Il vicepresidente del Comitato popolare provinciale di Quang Ngai, Do Tam Hien, ha disposto il divieto di navigazione per tutte le imbarcazioni, comprese quelle che percorrono le rotte Sa Ky - Ly Son e Big Island - Small Island, e ha richiesto assistenza ai pescatori per l'ancoraggio in sicurezza. La provincia ha inoltre chiesto che venga data priorità alla tutela della sicurezza della popolazione e che le persone vengano evacuate tempestivamente dalle zone pericolose.
Attualmente, i livelli dell'acqua nei bacini idrici della parte orientale di Quang Ngai sono al 94,6% e in quelli della parte occidentale al 91%. Per garantire la sicurezza a valle, i gestori dei bacini idrici, in particolare quelli di Dak Drinh e Nuoc Trong, devono monitorare attentamente le precipitazioni e i temporali, abbassare proattivamente i livelli dell'acqua fino ai livelli di piena e evitare di creare inondazioni artificiali o di sovrapporsi a inondazioni già esistenti.

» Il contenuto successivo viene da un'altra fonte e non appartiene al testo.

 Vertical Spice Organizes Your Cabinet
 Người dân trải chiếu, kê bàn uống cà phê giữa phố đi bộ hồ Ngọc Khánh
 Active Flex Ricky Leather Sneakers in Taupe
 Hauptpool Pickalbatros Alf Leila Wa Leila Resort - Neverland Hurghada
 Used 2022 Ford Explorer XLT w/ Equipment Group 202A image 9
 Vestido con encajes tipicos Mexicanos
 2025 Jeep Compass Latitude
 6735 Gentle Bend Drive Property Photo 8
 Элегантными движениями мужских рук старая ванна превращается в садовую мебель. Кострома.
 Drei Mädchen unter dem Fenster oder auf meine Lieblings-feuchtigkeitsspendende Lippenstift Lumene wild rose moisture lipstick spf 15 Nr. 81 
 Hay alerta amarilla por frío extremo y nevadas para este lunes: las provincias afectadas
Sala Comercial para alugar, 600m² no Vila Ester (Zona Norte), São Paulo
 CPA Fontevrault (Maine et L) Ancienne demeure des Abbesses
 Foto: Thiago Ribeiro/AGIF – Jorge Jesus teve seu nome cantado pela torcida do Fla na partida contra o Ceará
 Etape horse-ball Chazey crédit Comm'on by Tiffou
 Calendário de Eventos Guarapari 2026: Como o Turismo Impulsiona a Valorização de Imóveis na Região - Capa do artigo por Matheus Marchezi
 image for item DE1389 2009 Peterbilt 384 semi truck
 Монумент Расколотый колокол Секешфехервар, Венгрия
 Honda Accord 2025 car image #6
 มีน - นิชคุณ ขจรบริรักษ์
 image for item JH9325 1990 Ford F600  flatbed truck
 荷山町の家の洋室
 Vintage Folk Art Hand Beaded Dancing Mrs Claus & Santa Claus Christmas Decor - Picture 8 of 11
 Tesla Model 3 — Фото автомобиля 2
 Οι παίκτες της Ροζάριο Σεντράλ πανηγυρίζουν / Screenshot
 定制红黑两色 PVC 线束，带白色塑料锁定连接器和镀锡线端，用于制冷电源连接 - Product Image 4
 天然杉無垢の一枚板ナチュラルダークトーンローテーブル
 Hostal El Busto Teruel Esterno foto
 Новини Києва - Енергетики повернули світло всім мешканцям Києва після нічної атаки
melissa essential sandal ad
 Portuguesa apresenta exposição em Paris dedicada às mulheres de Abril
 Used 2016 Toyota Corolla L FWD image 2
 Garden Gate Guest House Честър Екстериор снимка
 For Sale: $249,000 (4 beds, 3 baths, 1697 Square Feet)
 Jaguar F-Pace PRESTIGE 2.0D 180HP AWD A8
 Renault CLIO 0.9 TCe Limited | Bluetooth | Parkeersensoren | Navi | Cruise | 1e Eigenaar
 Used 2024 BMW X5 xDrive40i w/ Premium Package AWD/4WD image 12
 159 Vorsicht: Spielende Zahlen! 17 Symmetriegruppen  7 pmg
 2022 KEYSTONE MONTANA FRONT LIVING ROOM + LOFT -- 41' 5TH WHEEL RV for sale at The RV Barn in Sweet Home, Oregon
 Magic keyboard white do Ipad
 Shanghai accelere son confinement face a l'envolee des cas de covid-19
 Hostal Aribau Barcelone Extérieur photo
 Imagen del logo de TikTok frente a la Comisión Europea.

Nella provincia di Gia Lai, l'Autorità portuale marittima di Quy Nhon ha ordinato a tutte le imbarcazioni costiere di Gia Lai e Dak Lak di allontanarsi dalla zona in cui è previsto l'arrivo della tempesta. Tutte le imbarcazioni nella laguna di Thi Nai e in prossimità della boa numero 0 nella baia di Quy Nhon devono lasciare l'area per garantire la sicurezza. Le attività portuali sono tenute a mettere in sicurezza e proteggere container e beni.
Il signor Vu The Quang, direttore dell'Autorità portuale marittima di Quy Nhon, ha aggiunto: "Per garantire gli scambi commerciali ed evitare ritardi che causano perdite economiche alle compagnie di navigazione e alle imprese, manteniamo la flessibilità necessaria per consentire l'ingresso in porto ad alcune grandi navi con movimentazione merci rapida per le operazioni di carico e scarico, ma queste devono assolutamente garantire la sicurezza e non sono autorizzate ad ancorare nella baia di Quy Nhon".